**Source information**
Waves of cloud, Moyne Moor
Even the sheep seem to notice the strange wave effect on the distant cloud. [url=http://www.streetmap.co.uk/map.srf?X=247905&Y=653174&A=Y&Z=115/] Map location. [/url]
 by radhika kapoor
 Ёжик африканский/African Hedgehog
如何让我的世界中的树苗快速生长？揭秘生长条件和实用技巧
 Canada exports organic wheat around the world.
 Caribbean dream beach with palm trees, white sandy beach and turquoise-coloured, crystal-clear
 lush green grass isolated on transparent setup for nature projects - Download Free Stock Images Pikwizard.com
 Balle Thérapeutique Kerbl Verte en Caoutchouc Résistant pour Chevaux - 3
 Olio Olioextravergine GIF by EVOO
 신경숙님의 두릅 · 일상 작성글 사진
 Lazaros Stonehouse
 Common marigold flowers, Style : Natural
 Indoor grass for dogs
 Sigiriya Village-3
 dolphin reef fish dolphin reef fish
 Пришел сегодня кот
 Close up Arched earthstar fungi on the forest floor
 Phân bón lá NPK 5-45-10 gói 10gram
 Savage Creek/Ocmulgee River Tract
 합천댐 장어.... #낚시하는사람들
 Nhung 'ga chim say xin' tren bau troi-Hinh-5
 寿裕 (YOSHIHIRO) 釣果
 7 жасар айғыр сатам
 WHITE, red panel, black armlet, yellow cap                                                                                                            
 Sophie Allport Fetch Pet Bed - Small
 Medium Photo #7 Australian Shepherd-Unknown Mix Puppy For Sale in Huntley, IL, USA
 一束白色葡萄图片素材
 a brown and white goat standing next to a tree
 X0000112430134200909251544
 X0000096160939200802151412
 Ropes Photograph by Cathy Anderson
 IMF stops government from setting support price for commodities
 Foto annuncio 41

**Activity**
Show all lines above containing "cloud".

**Response to the task**
Waves of cloud, Moyne Moor
Even the sheep seem to notice the strange wave effect on the distant cloud. [url=http://www.streetmap.co.uk/map.srf?X=247905&Y=653174&A=Y&Z=115/] Map location. [/url]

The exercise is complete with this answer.